A team of New York Times reporters, including one who notably got Republican mayoral candidate Joe Lhota to defend the indefensible (the Madison Square Garden tax break), today produce a profile of Democratic front-runner Bill de Blasio that offers some passages of tough scrutiny but ends--and whiffs--on Atlantic Yards.

It's a disturbing abdication of journalistic skepticism and a sign of how he-said, she-said journalism disserves readers, with de Blasio getting the undeserved last word despite a record of slipperiness and absence on Atlantic Yards.

The article, On Council, de Blasio Blended Idealism With Push for Power, ends with these paragraphs:
But it was the Atlantic Yards project, a gigantic housing and arena development at the intersection of Flatbush and Atlantic Avenues, that cemented the image of Mr. de Blasio in some critics’ minds as a too-willing partner for developers.

Eric McClure, a founder of the civic group Park Slope Neighbors, met with Mr. de Blasio, hoping that 2,200 signatures he had gathered on a petition would be enough to turn the councilman into a critic of the project.

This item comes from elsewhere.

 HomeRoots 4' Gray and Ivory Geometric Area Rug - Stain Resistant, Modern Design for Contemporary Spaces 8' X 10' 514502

He did not succeed; Mr. de Blasio argued that development was needed to create affordable housing.

“He was insistent,” Mr. McClure recalled. “We had an affordable housing crisis, sometimes you have to do certain things to get that affordable housing built that might rub people the wrong way, but that was the ultimate goal, and for that reason he was for the project.”

Mr. de Blasio, according to Mr. McClure, acknowledged that Fourth Avenue “had not turned out the way he hoped.” But he argued that Atlantic Yards would be different, because Acorn, a community organizing group with which he had a long association, had joined the developer, Forest City Ratner, to see that the affordable housing was built.

The Barclays Center arena opened in 2012, but the first affordable apartments are still at least a year away. Critics say that Mr. de Blasio was too close to the developer, Bruce Ratner, who hosted a birthday fund-raiser for him, and did not push the firm, Forest City Ratner, to deliver the promised housing.

On Monday Mr. de Blasio blamed some “objective reasons” for the delay, but said “it’s clearly behind schedule,” and allowed that “there were missteps by everyone involved.” He said the next mayor needed to hold Forest City Ratner and state officials accountable.

“On my watch, it will happen,” he vowed.
And it may, in ways that do not at all represent accountability.

What they missed

As I wrote Monday, de Blasio can be challenged on:
  • his failure, as Public Advocate, to issue any comment on Forest City's failure to meet its promised goal of 50% (in floor area) family-sized units in the first tower, which is under construction
  • how exactly de Blasio has, as he has claimed "pressured" Forest City on the housing? (he's said nothing publicly)
  • the Public Advocate's failure to say anything about Forest City's failure to hire the promised Independent Compliance Monitor required in the Community Benefits Agreement
  • how he plans to speed such housing as mayor--does that mean he'll devote more subsidies?
More here. A profile this week in Politicker contained a quote that helps explain de Blasio's Atlantic Yards support. He was said to be "a surface guy, total surface. He’s not in the weeds."